Musique grégorienne, polyphonie du Ve au XIIIe siècle, textes sacrés. Voilà qui semble austère. A vrai dire, ces mélodies sont si intemporelles qu’elles pourraient sans souci être remixées dans une version « techno deep house ». Plus qu’une évocation de Jérusalem, de ses mythes, de ses religions monothéistes, l’ensemble Discantus nous offre des mélodies très souples, sans rugosité aucune, caractéristique même du chant grégorien. Rappelons que le (bon ?) pape Grégoire 1er vécut à la fin du VIe siècle et qu’il unifia la liturgie chrétienne. Celle-ci subissait depuis ses origines des influences géographiques (on parle souvent de style romain, milanais, espagnol, gallican, etc.). Il fit donc rassembler les mélodies, les simplifia. Le chant choral était exécuté à Rome par un chœur spécial qui formait lui-même ses interprètes et prit donc le nom de Schola Cantorum. Au chant romain s’ajoutèrent au Moyen Age des chants liturgiques pour les nouvelles fêtes, des hymnes, des tropes et des séquences. Ces psalmodies furent tout d’abord textuelles, le rythme étant au service du verbe (excepté quelques vocalises dans l’Alleluia).
On remercie Brigitte Lesne d’avoir formé un groupe féminin (rare) pour nous offrir une autre idée de cette musique. Ces huit interprètes la servent magnifiquement. Elles sont aidées par l’acoustique de l’abbaye de Sylvanès. Cette église de l’Aveyron est le lieu idéal pour ce genre de répertoire. Son architecture, le calme de la campagne environnante donnent une pesanteur teintée de clarté aux voix. Ce n’est pas par hasard qu’elle est devenue au fil des années un des hauts lieux de l’art sacré en France.

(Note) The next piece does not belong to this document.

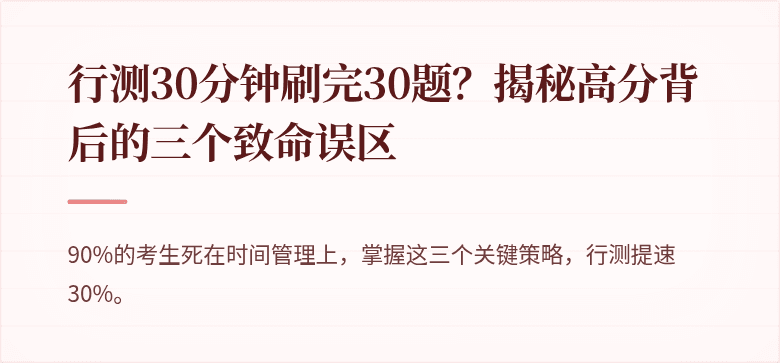 行测30分钟刷完30题？揭秘高分背后的三个致命误区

L’ensemble vocal Discantus n’oublie pas le travail que Marcel Pères et son ensemble Organum effectuent depuis des années. L’excellence des choix du répertoire, le raffinement de son exécution justifient le succès immédiat de cette anthologie. A l’aube de ce millénaire, on célèbre une ville, soit, mais on assiste surtout à une magistrale leçon de liberté poétique.